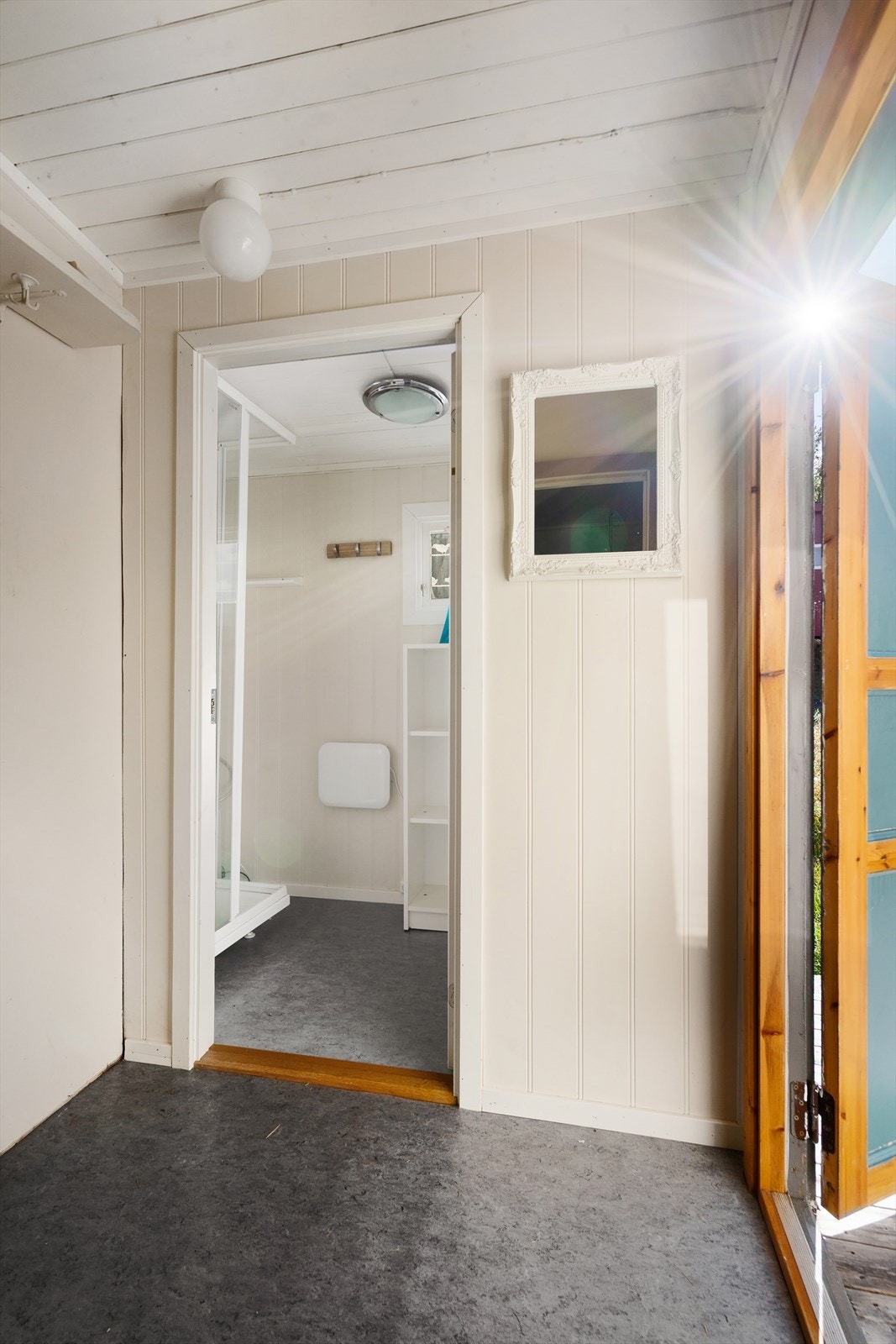 Velkommen inn! Lys og enkel gang med direkte adkomst til badet Galleribilde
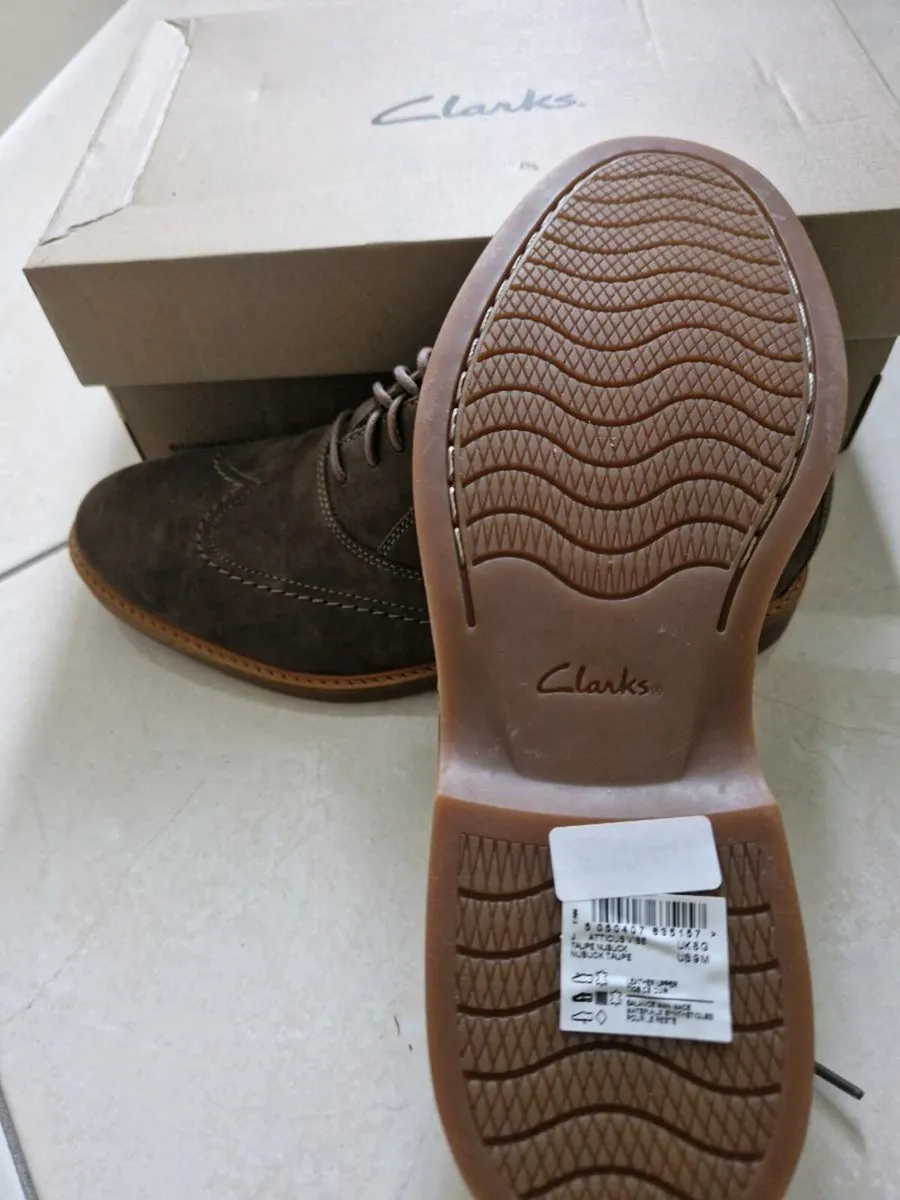 Nubuck taupe shoes Brand new  size UK 8G - Image 2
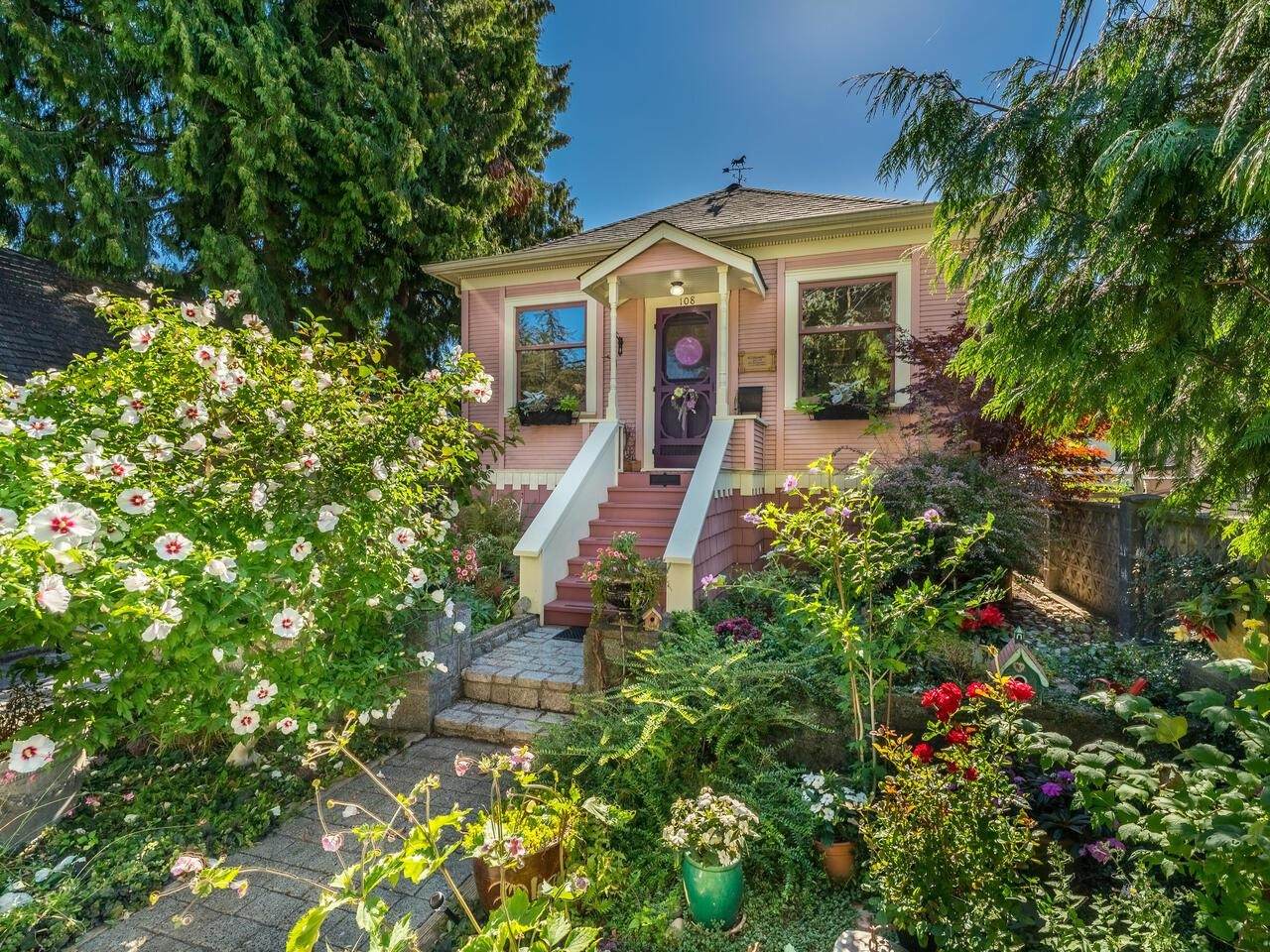 108 Oakland Street - Photo 1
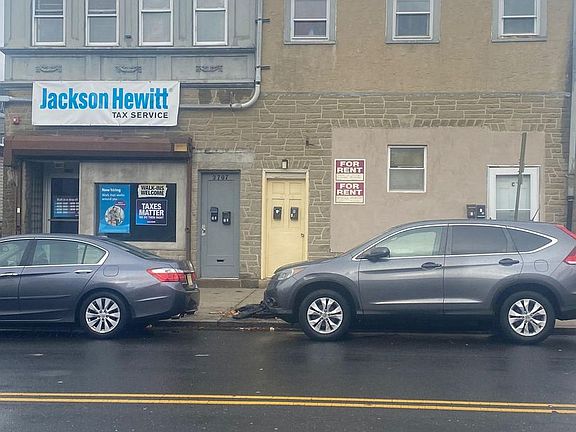 2nd image of 2707 Westfield Ave #A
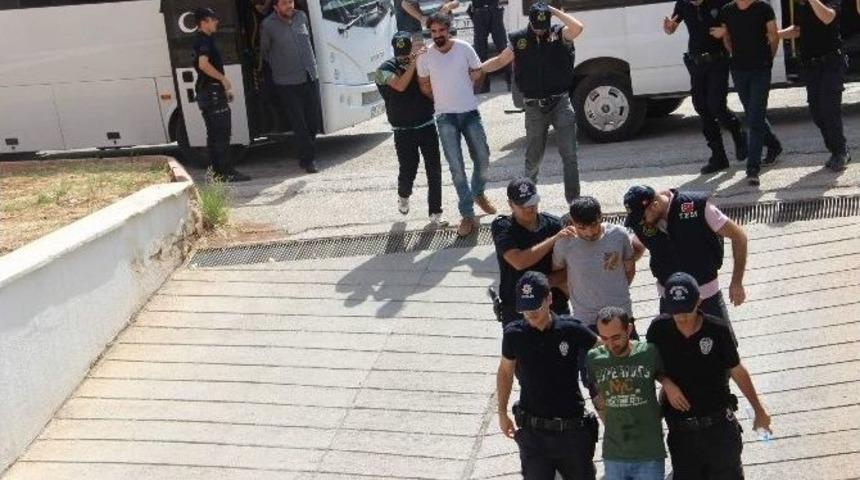 Gaziantep&rsquo;te Pkk Ve Kck Operasyonunda G&ouml;zaltına Alınan Zanlılar Adliyeye Sevk Edildi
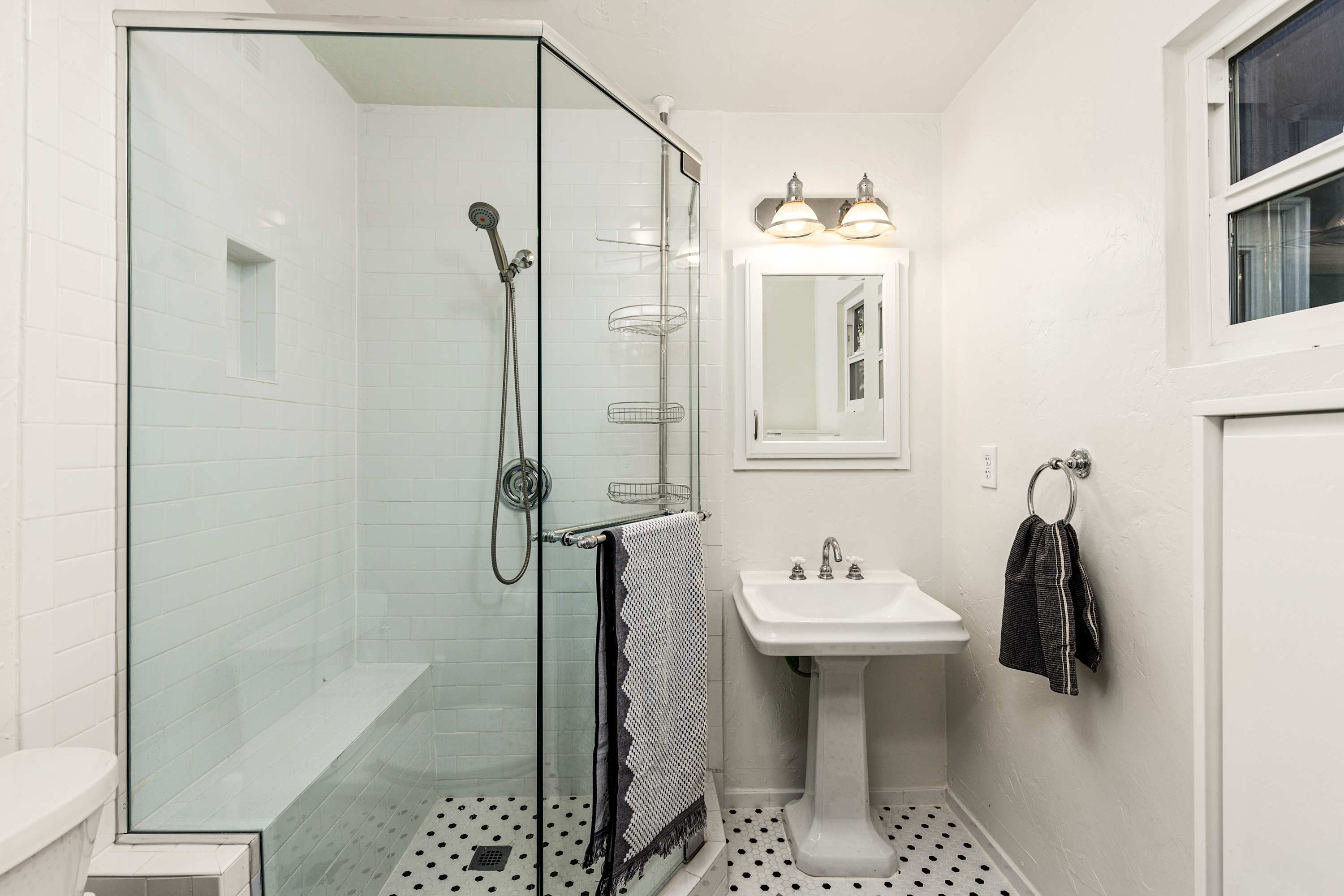 Historic Gem with Pool in the heart of Downtown! - Foto 15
▬▬▬
■ ACTION ITEM ■
Give all entries again verbatim, without any images.

■ WRITTEN SOLUTION ■
 Velkommen inn! Lys og enkel gang med direkte adkomst til badet Galleribilde
 Nubuck taupe shoes Brand new  size UK 8G - Image 2
 108 Oakland Street - Photo 1
 2nd image of 2707 Westfield Ave #A
 Gaziantep&rsquo;te Pkk Ve Kck Operasyonunda G&ouml;zaltına Alınan Zanlılar Adliyeye Sevk Edildi
 Historic Gem with Pool in the heart of Downtown! - Foto 15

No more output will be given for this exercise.